Padişah başta olmak üzere şehzadeler, sadrazamlar, bakanlar,
şeyhülislamlar, bürokratlar ve askerler bu fişlenmeden nasibini
almış! İşin ilginci ise fişleme metodu ve içeriği hayli tanıdık
geliyor. Fişlenen her tarihî şahsiyetle ilgili bilgilerin yanında
kişilerin psikolojik tahlilleri yapılıyor. Özellikle kişisel
zaafları, korkuları, evhamları, dostlukları ve düşmanlıkları,
siyasî görüşleri ve ailevî sorunları dikkatle not edilmiş. 1917
yılında yapılan fişlemeleri 90 yıl sonra ortaya çıkaran isim
tarihçi Doç. Dr. Bülent Özdemir.
Amerika Milli Arşivi'nde araştırma yaparken bir rastlantı sonucu 'hizmete özel' adlı kapsamlı belgelere ulaşan Özdemir, bir anlamda imparatorlukta yaşayan şahsiyetlerin fişlendiğini görünce oldukça şaşırmış. Özdemir'i şaşırtan belgeler, I. Dünya Savaşı yıllarında Amerika'nın Halep Konsolosluğu görevinde bulunan Cornelius Van H. Engert'e ait özel evraklarıdır.
Araştırmalarını biraz daha derinleştiren Özdemir, soluğu
İngiltere Milli Arşivi'nde alır. İngiltere'de de yine aynı yıllarda
imparatorluğun Güneydoğu Anadolu ve Irak ve Suriye topraklarında
yaşayan aşiretler ve liderleri hakkında toplanan bilgilerin bir
araya getirildiği İngiliz istihbarat raporlarına rastlar. Bölgede
yaşayan aşiret liderleri, dinî liderler, siyasetçiler,
İngiltere'nin planları, bölgenin şartları ve dengelerin nasıl
kurulduğu bilgileri yetkililerin hizmetine sunulmuş.
Yıllardır İngiliz arşivlerinde saklı tutulan istihbarat raporlarını
" adlı kitabında (Yeditepe Yayınları) ifşa eden Özdemir, Osmanlı'yı
idare eden devlet adamlarının, sivil ve askerî yetkililerin içler
acısı halini gözler önüne seriyor.
İngiliz istihbarat elemanlarının ülkelerine geçtiği raporlar, bugün
bile tartışma oluşturacak nitelikte. Bu raporlarda Enver Paşa,
Talat Bey ve Cemal Paşa ile ilgili ilginç iddialar mevcut. Yine
Cumhuriyet Gazetesi kurucularından Yunus Nadi için 'siyasî
bir dalavereci', ressam Osman Hamdi Bey için 'Rum'
ibareleri tartışma çıkaracak gibi gözüküyor. Ajanların raporlarında
tarihî şahsiyetlerle ilgili hep olumsuz nitelemeler yok.
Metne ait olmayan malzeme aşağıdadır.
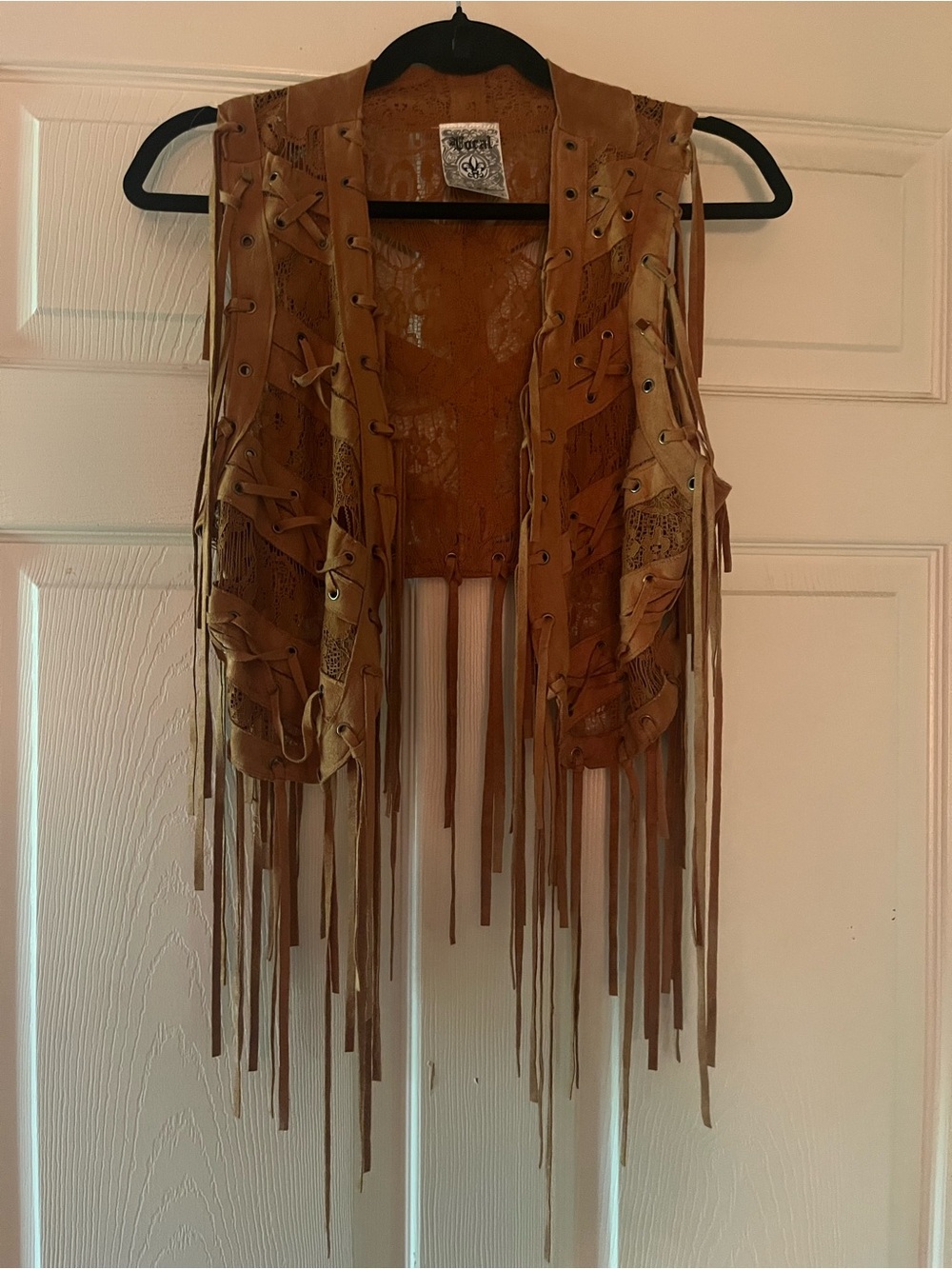 Vocal Brown Lace and Suede Fringe Vest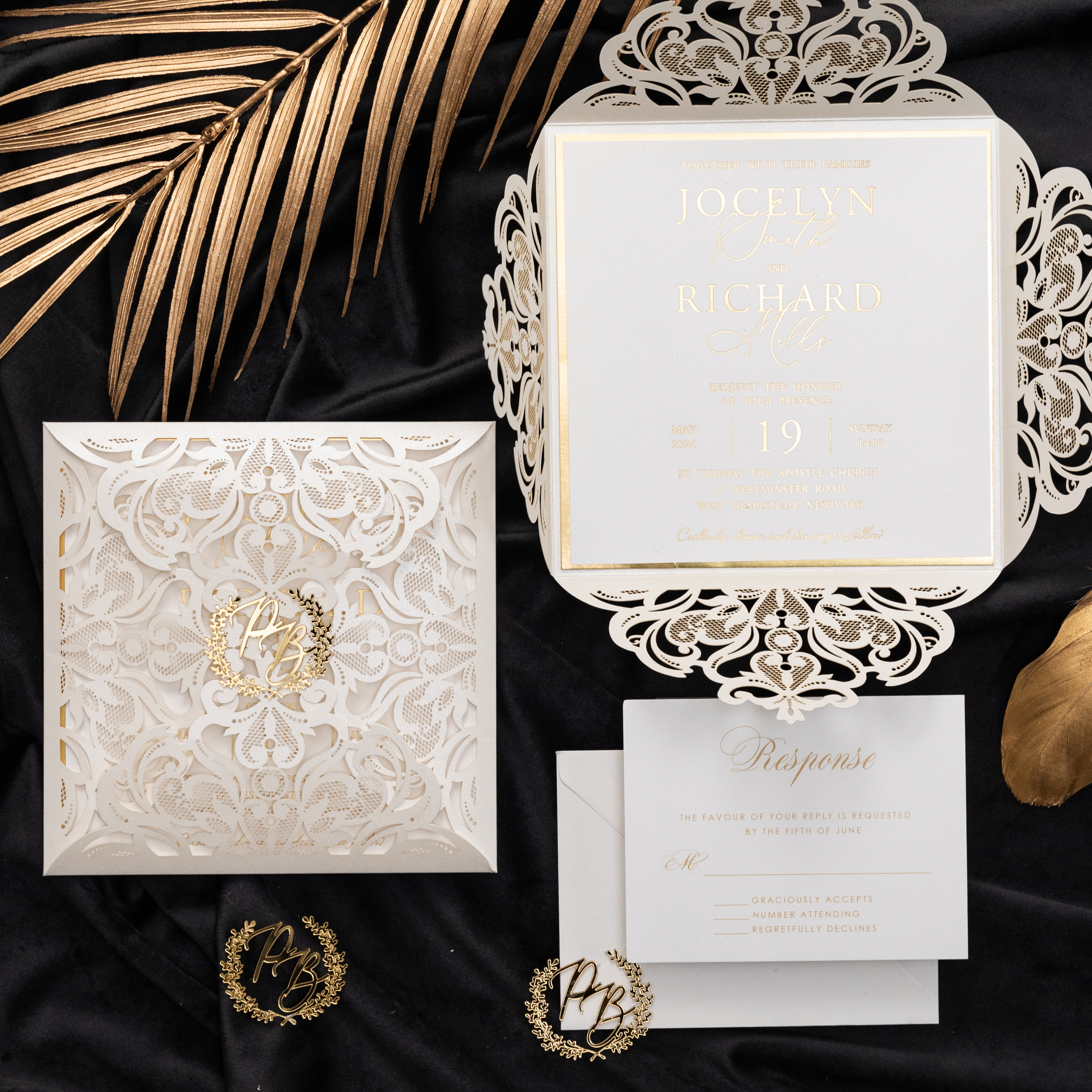 Invito laser cut con nome 3D in plexiglass WSNT039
Padişah Vahdettin için 'karakter sahibi tek adam'
nitelemesi yapılırken, Edirne Müdafii Şükrü Paşa için "saf ve temiz
bir asker" denilmiş.
İNGİLİZLERİN FİŞLEDİĞİ BAZI İSİMLER
SULTAN V. MEHMET: 70 yaşında. Sade bir yaşama ve
sevecen bir yaratılışa sahip birisi. Sultan, iktidara
geldiklerinden beri ona bir kukla gibi davranan ve hanedanın diğer
üyelerini hor gören İttihat ve Terakki'nin kurbanı olarak
görülmelidir.
YUSUF İZZETTİN EFENDİ : Padişahın ilk yeğeni. 57
yaşında. Sultan Abdülaziz'in oğlu. Sinirli karakterli bir zavallı.
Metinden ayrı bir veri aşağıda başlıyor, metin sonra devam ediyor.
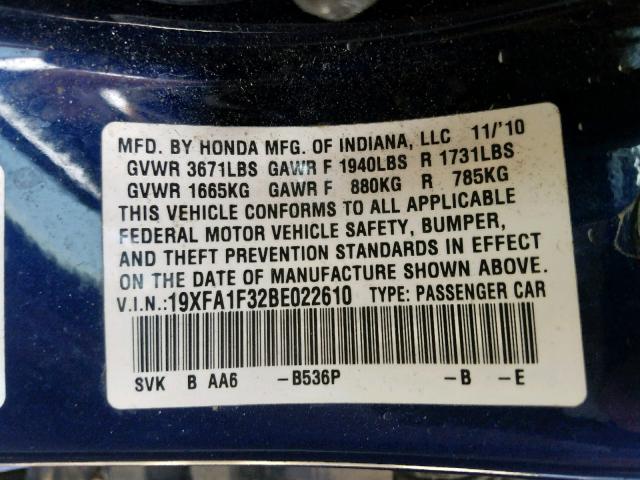 19XFA1F32BE022610 - 2011 HONDA CIVIC VP BLUE photo 10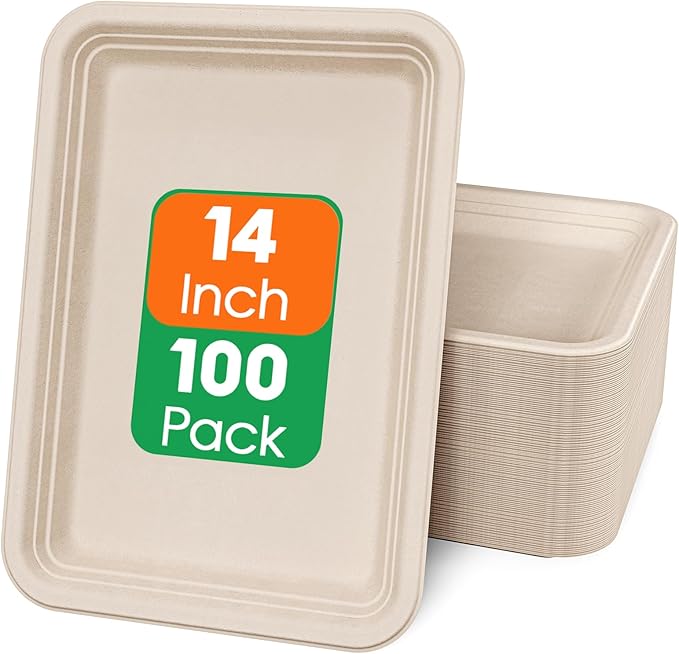 14 in Disposable Cutting - Resistant Compostable Trays｜BPI Certified, PFAS - Free - ECOlipak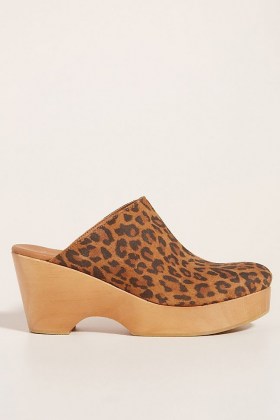 Anthropologie Hanna Heeled Clogs | 70s style leopard print clog | vintage seventies inspired shoes
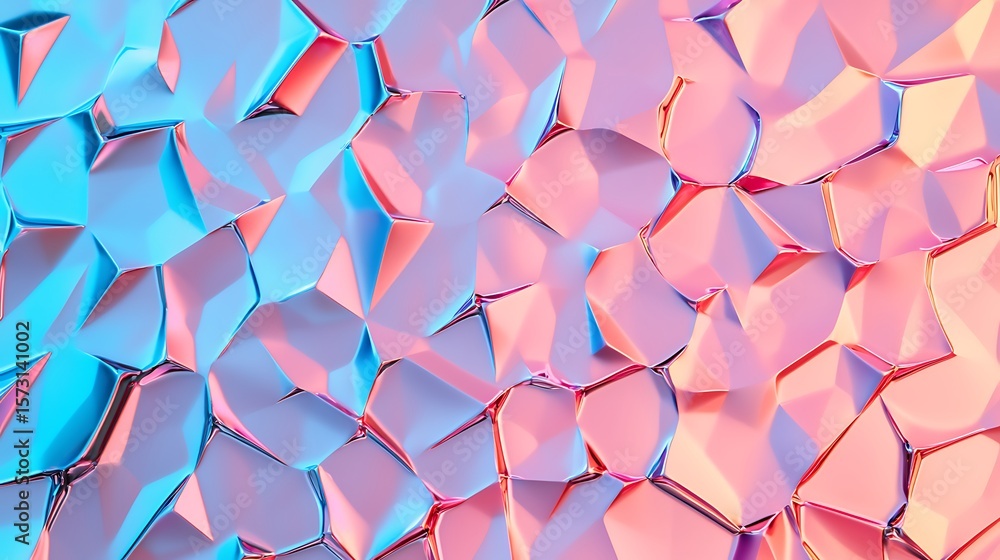 Poster abstract geometric pattern with interconnected polygonal shapes in soft blue and pink hues, creating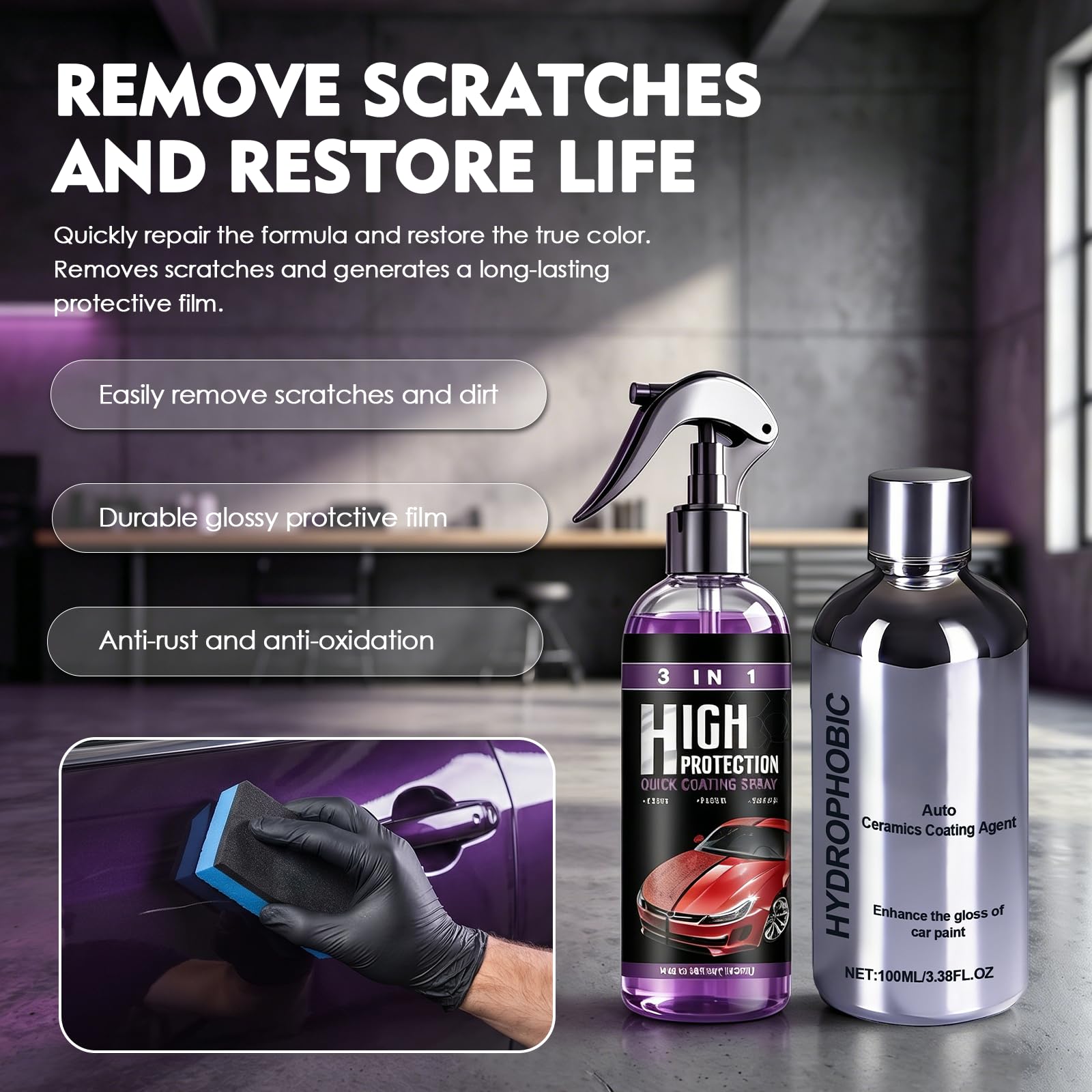 Reparador Arañazos & Pulido Cerámico Coche, 2026 NEW 2-en-1 Quita Arañazos Coche Kit, Paño Microfibra y Esponja Pulidora Para Arañazos y Brillo Intenso, Apto Para Todas las Pinturas
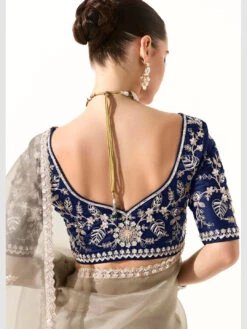 Embroidered Organza Tissue -Harmony Shop Saree S125P 2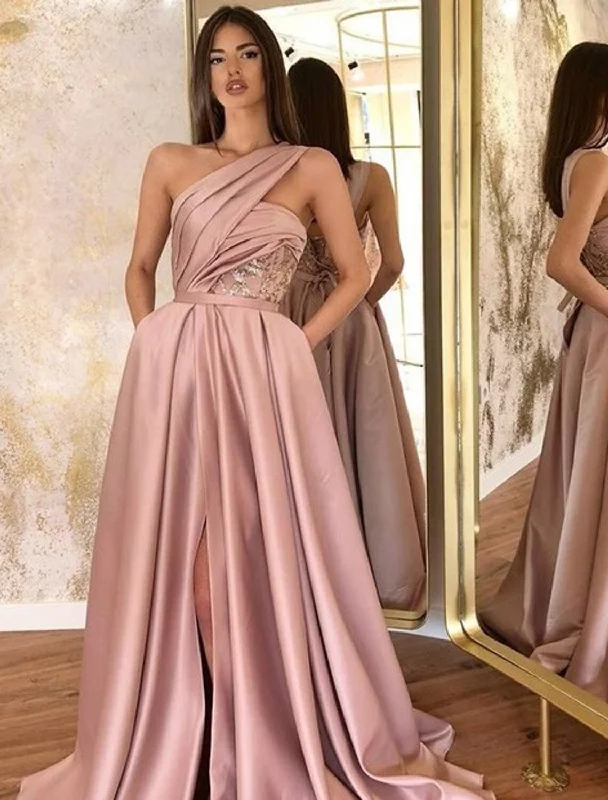 A-Line Evening Gown Celebrity Style Dress Formal Wedding Guest Floor Length Sleeveless One Shoulder Satin with Ruched Slit Tunics Seasonal trendy A-Line Evening Gown Celebrity Style Dress Formal Wedding Guest Floor Length Sleeveless One Shoulder Satin with Ruched Slit Tunics Seasonal trendy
Sağlığı hakkında sürekli yaşadığı halüsinasyonların kurbanı.
Alelade bir zekâya ve sessiz bir yapıya sahip.
ABDÜLMECİD EFENDİ: 1908'den sonra bir süreliğine
cemiyet onu şeklî başkan olarak kullanmayı düşündü. Cemiyet'in önde
gelen üyelerinin çoğunun üstad seviyesinde oldukları Türk
Farmasonluğu üyeliğine kabul edilmesi problem oldu.
PRENS SEBAHATTİN: Yaşı 35. Paris Jön Türklerinin
organizatörlerinden birisi, fakat sonradan Cemiyet ile bağını
kopardı. Türk olmayan ırkların istedikleri otonomi çizgisinin
liderliğini yapması sebebiyle hain ve dönek kabul edilmektedir.
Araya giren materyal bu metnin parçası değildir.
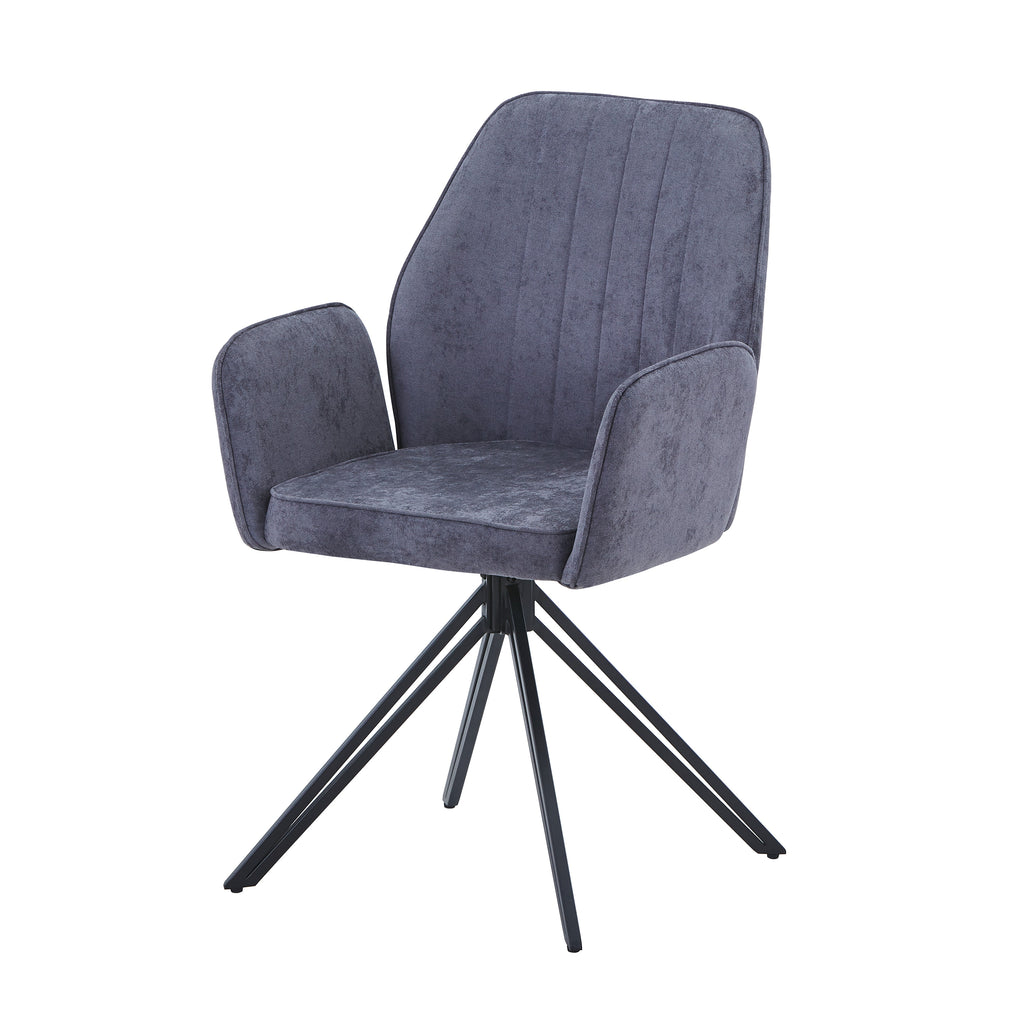 Aspen - Swivel Dining Armchair, Grey Fabric With Black Metal Legs (Pair) (Self Assembly) (DHD) Image 1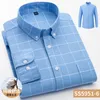 Camicie eleganti da uomo Camicia a maniche lunghe a righe di alta qualità, vestibilità regolare, colletto con bottoni nascosti, camicia formale in cotone di facile manutenzione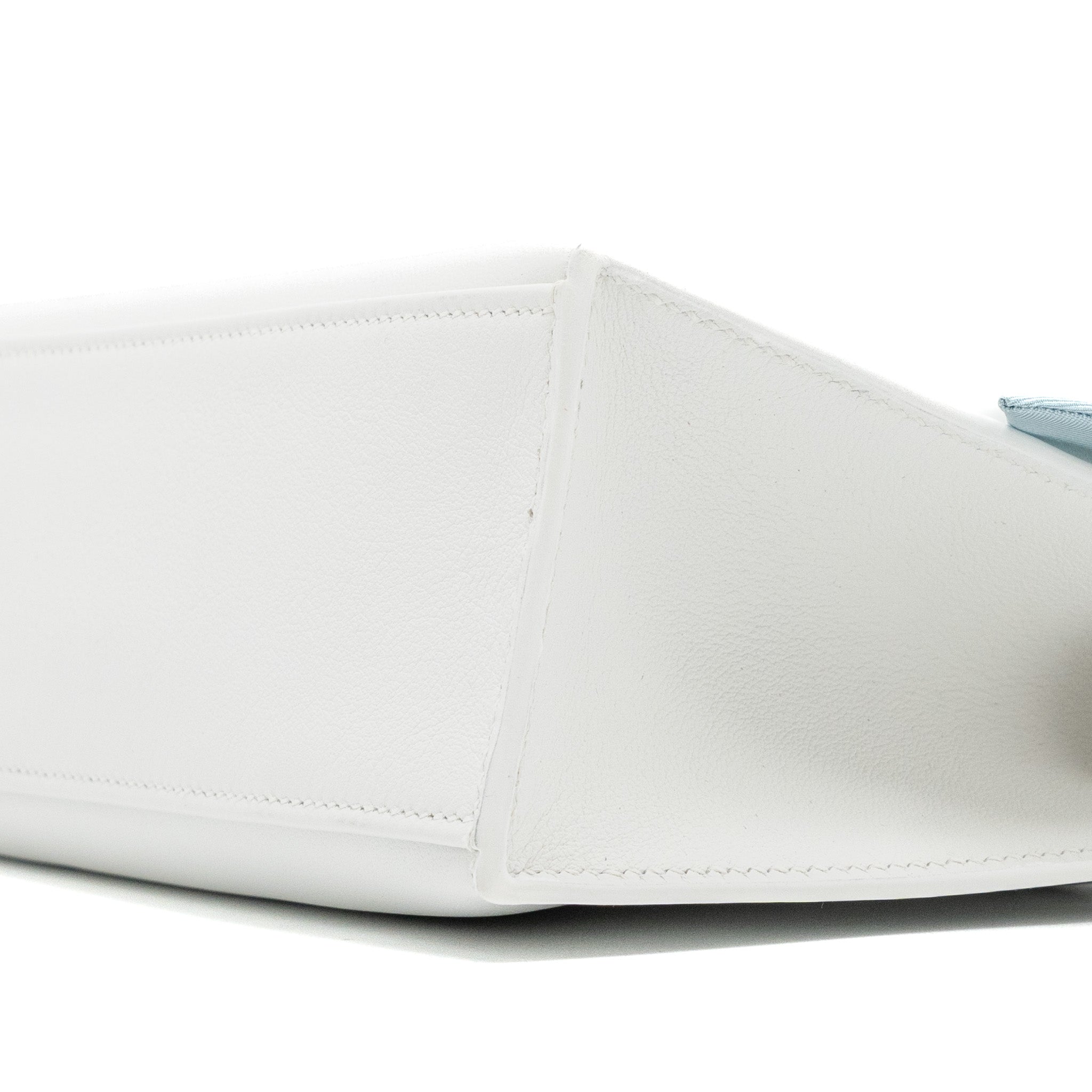 Hermes Kelly Pochette swift New White SHW stamp B - Image 7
İngiltere sempatizanı ve vatansever bir Türk fakat güvenilmeyecek
kadar zayıf biri.
CEMAL PAŞA: Jön Türk. Bir 'Doğulu'dan daha çok
'Güneyli' bir mizaca sahip. Dürüst, yaratıcı fakat düşüncesizce
hareket eden biri. Öfkeli bir mizacı var ve çevresindekilere kaba
davranan biri. Büyük bir enerji ve azim sahibi. Gerçekleri
görmekten alıkoyan ve şovenizme varan coşkulu bir vatanseverlik
duygusu vardır.
ENVER PAŞA: 1913'ten beri Harbiye nazırı. Yaklaşık
165 cm boyunda, zayıf bir fiziğe sahip ama İtalyan saç tarzı ile
oldukça yakışıklı. Açık tenli, parlak gözleri ile tebessüm
ettiğinde oldukça çekici bir görünümü var. Oldukça sessiz ve ağzı
sıkı biri. Cemiyet'in politikalarında çok etkin olmasına rağmen
uzun zaman arka planda kalmayı başardı.
FERİD PAŞA (DAMAT): Kültürlü ve okuyan birisi.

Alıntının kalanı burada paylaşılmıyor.